Prediction clause (verbatim)

Joining work lengths (verse counts or granthasaṃkhyā figures from the SARIT corpus and catalogue records) to per-work copy counts in the NGMPP/NGMCP catalogue, mean copies-per-work by length decile will peak in the middle deciles, with both the top and bottom length deciles falling at least 30% below the peak decile. Primary clause: the top length decile has lower mean copies than the middle deciles (the high-cost tail of the inverted U); the bottom-decile clause is secondary.

Kill-dataset (verbatim)

Length-versus-copy-count analysis across the SARIT e-text corpus and the NGMPP/NGMCP catalogue, with work identities normalized via the Pandit database.

Nobody has run this test. The kill-data is named above. If you can run it — or you know the paper that already settles it — claim the kill or submit the prior scholarship.
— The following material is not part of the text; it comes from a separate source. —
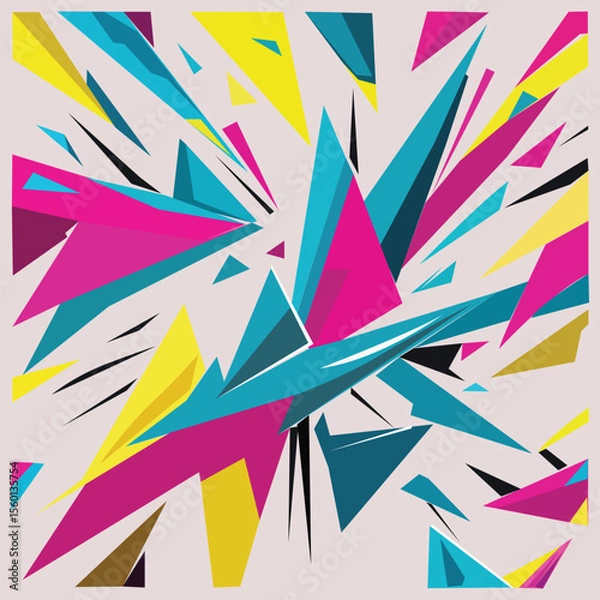 Fototapeta High-tech abstract geometric background, sharp diagonal blocks and lines in bright magenta, turquoise, and gold, with split background (half dark, half light). Clean flat vector, dynamic layout, moder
Kills and prior scholarship are credited here, by name, as they come in.

On Inferpedia

This conjecture has been linked to the following subject pages on Inferpedia — an encyclopedia of the missing, now in limited preview.

Provenance

Run: Fresh agent generation · model: claude-fable-5

Generated blind in a single Write with no reads, web access, or database queries; this is the second attempt for wave W14 after a prior instance died to a network error before writing its packet.

Novelty / leakage triage

anticipated in the literature — this exact test has never been run

Length-dependent survival selection (copying cost vs. absorption of short works) is a recognized general transmission mechanism, but the specific inverted-U of mean copies-per-work by length decile in the South Asian corpus is un-run.

Predictions

No prediction registered yet.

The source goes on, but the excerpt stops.